Pubblicato: Mercoledì, 28 Novembre 2018 - redazione politica

REGIONE (politica) - Partiti e movimenti in fermento: far cadere o no il Governo del Lazio?

ilmamilio.it 

Dovrà essere discussa entro il 13 dicembre e rischia di far fare un capitombolo clamoroso al govenatore del Lazio Nicola Zingaretti. E' la mozione di sfiducia firmata dai consiglieri di Forza Italia, Lega e Fratelli d'Italia. Fuori dall'appello, momentaneamente, due esponenti dell'ex maggioranza che hanno sostenuto Stefano Parisi (Cangemi, Cavallari) e Sergio Pirozzi, l'indipendente ex sindaco di Amatrice. 

carne fresca

Nel M5S e nel centrodestra il dibattito è in corso. Che fare? Zingaretti non ha una maggioranza in Aula, la sua permanenza è frutto sostanzialmente di un equilibrismo di abilità politica e si appoggia a due consiglieri ex centrodestra che per qualcuno non è escluso che ritornino a casa. A quel punto per il governatore sarebbe la fine e in tal caso si potrebbe dimettere prima di arrivare al voto al consiglio regionale. La faccenda però non è così scontata. Perché la sindrome del braccino corto, in questi casi, può giocare brutti scherzi. 

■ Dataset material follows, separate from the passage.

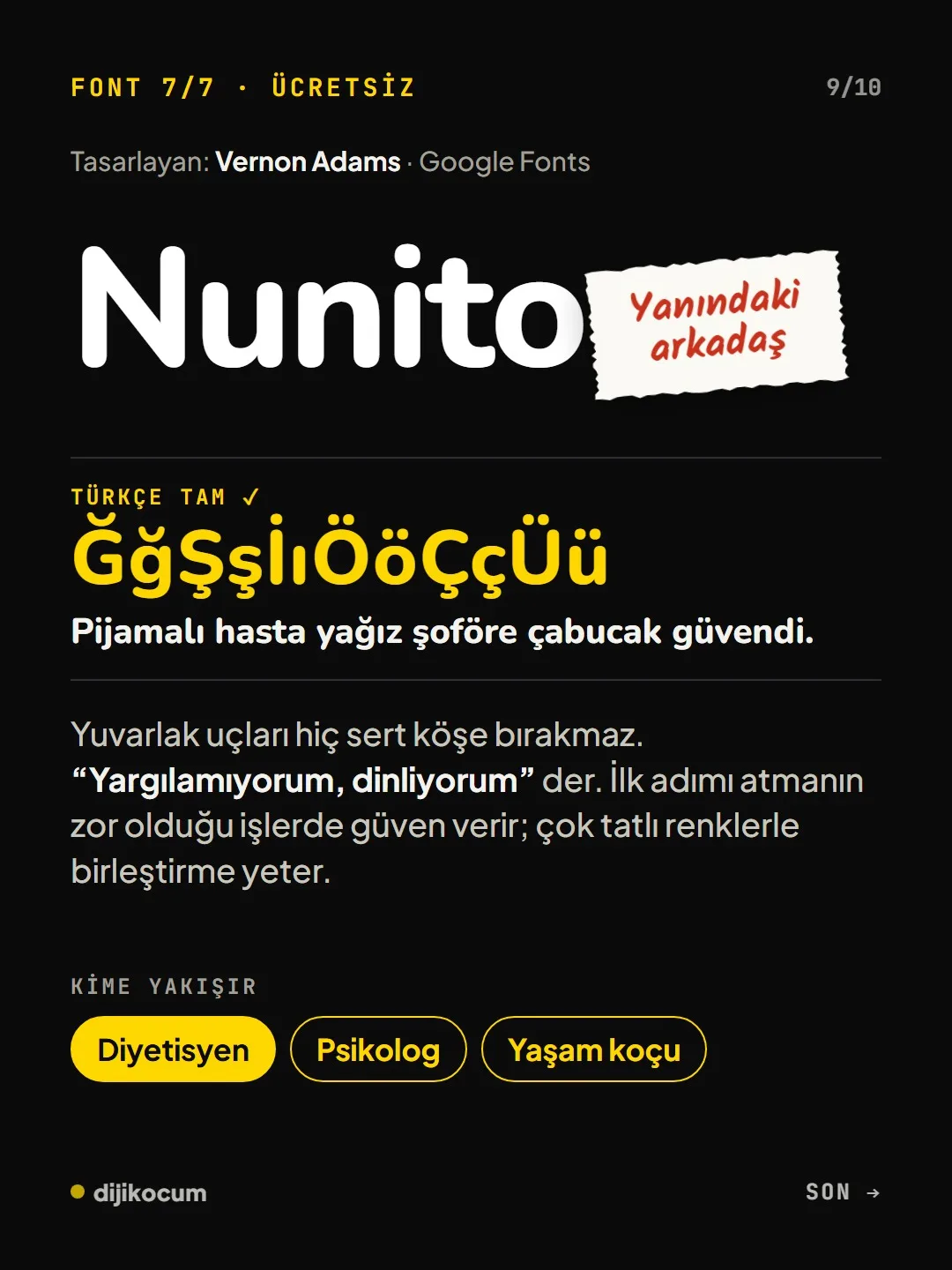 Font 7/7, Nunito, yanındaki arkadaş: yuvarlak uçlu, güven veren. Kime yakışır: diyetisyen, psikolog, yaşam koçu.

Il M5S parrebbe spaccato sulla decisione. I rumors di palazzo affermano che cinque consiglieri sarebbero a favore della caduta e cinque contro. Si deciderà a breve. Qualcuno nelle scorse ore ha sussurrato di un fantomatico e abbastanza fantasioso "contratto di governo" col PD, ma questo rischierebbe di incrinare i rapporti con la Lega in sede di governo nazionale e apparirebbe come un controsenso sugli intenti originari. Anche se, pensano i più maligni, fermare la caduta di Zingaretti equivarrebbe a bloccare anche l'ascesa al governo della regione della Lega stessa. Stesso discorso si potrebbe fare per quella parte del centrodestra non convintissima del crac regionale in anticipo sui tempi. Fari puntati dunque su tre consiglieri - Pirozzi, Cavallari e Cangemi - ma anche sui vari dibattiti interni.

Certo è che si dovesse ricompattare tutta l'area di opposizione, per Zingaretti sarebbe la fine, con inevitabili strascichi anche nella sua competizione a leader del PD.